We spoke to our management accountant Nelita do Rosario for International Women’s Day.
Why is International Women’s Day important to you?
For me International Women’s Day is like an extension of Mother’s Day, as the strongest woman I know is my mother. I was raised by a single parent, my mother, who was forced to leave school at a young age to help her mother raise her sisters and brothers. In the 1970s, and with two teenage boys, she found the courage to leave an unfaithful and unhappy marriage. Uneducated, in her early 30s, and with very little support, she still managed to provide everything her kids needed. Fast forward some years, she had me, another partner who didn’t financially support her, but again she was able to provide everything I needed.
Are there any women who have inspired you, whether personally or professionally? What impact have they and other role models had on you?
My mother will always be the first woman who inspired me to be who I am today. She has shown me how to always help people in need even when I don’t have much myself. She has taught me how to be strong through tough times. She has shown me how to work hard for what I want in life and to try and not depend on anyone else. She managed to provide for her children, she continued to show strength and endurance to keep moving forward. This has helped me in my career to never give up even when faced with challenges.
Professionally, I looked up to a sustainability director in a past job, who wasn’t your ordinary female. Soft spoken and polite, she challenged the CEO and other male directors, because her passion to make an impact on the environment was stronger than her fear of not being liked. I have learned you will either intimidate or inspire someone, and I’d much rather do that than back down and have no impact.
Throughout your career, how have you been impacted by the representation of women in your sector/area of work?
I work in accounting, which has traditionally been a male dominated profession. I previously worked in a team where most of my co-workers were male and the only other female was the finance controller. She was sadly labelled “cold, stern, crazy” and for a while I thought some of these things too. But I soon realised that what I was witnessing was a woman in a very senior position trying to manage men, and she had to fight for the same respect just because she was a female.
What challenges have you faced as a woman in the workplace and what – or who – has helped you to overcome them?
Out of the nine roles I have held, I have been managed by a man in eight.

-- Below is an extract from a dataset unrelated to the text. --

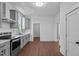 Renovated kitchen features gray cabinets, stainless steel appliances, and new flooring at 835 Sunset Ave, Rocky Mount, NC 27804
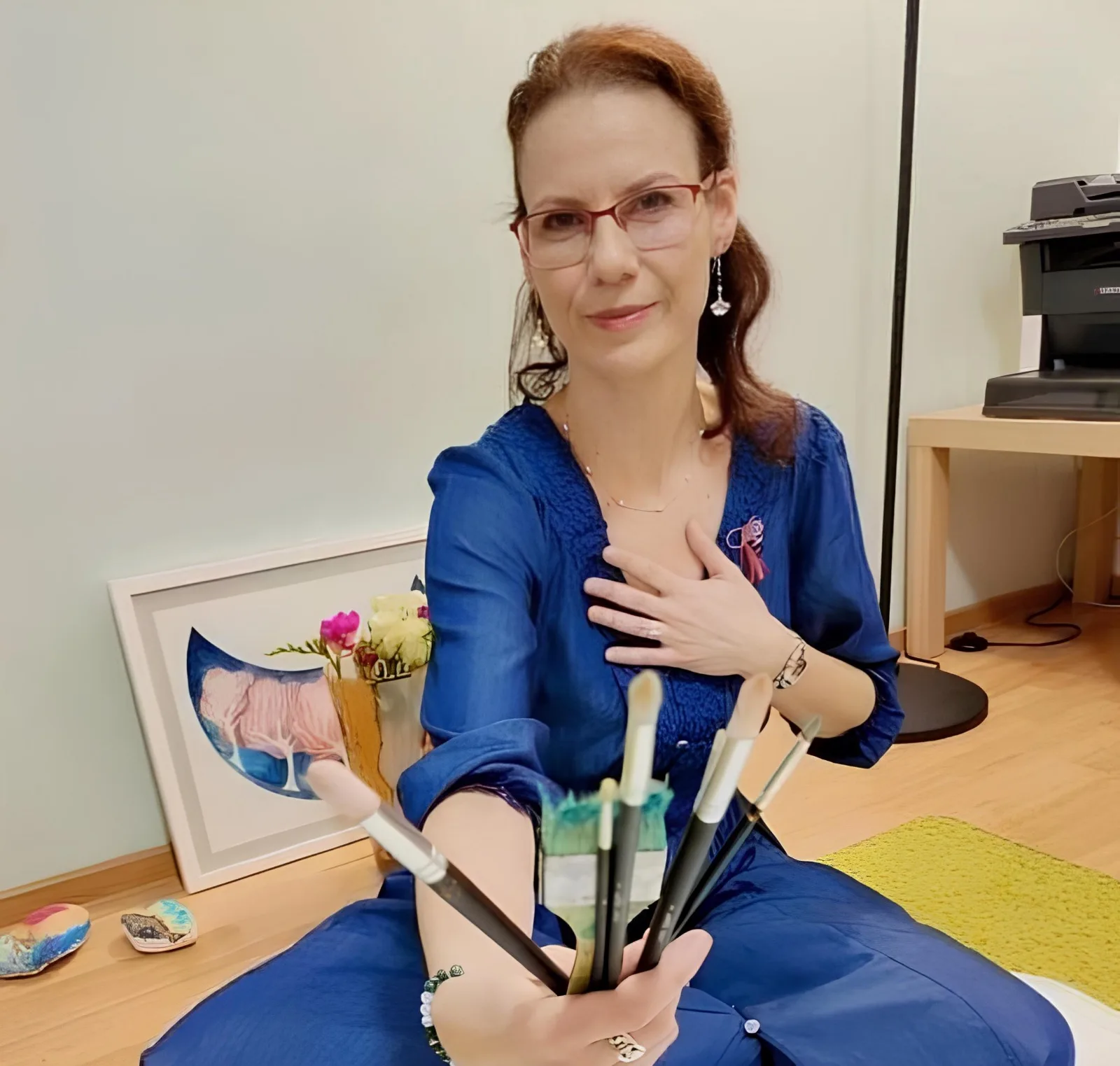 Alina Ioana Beldianu în cabinet, ținând în mână pensulele folosite în terapia expresiv-creativă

It was extremely hard to be completely open with how I felt regarding any discrimination or harassment as I could sense I was being viewed as “petty” so I wouldn’t mention things at all.
Over the years as I came across different women in the workplace and heard their experiences, I realised I needed to bring to light certain topics, otherwise things may never change. Slowly I started these awkward conversations around the topics I wasn’t happy about myself, such as equal pay and harassment in the workplace.
It took a while to get used to not being apologetic, “soft” or agreeing with everything all the time. I had to learn how to be stern but respectful. Another challenge I faced was having my ideas shut down continuously, or taken forward to more senior staff as someone else’s idea. I always felt I had to work at 200% to try and prove to everyone I was capable of being one of the “lads”, that I was also able to achieve great things.
What makes a good male ally in the workplace? What can men do to better support women at work?
Male co-workers being more supportive when they notice females trying to go above and beyond would help. Some of us feel we must work harder to receive the same amount of respect or to be recognised for great achievements. As managers, if innovative ideas are brought to the table, they should never be immediately shut down, but always discussed further, even if the idea ultimately isn’t taken forward. A good ally in the workplace is someone who is aware of others, who is able to notice when something is off; being empathetic can go a long way.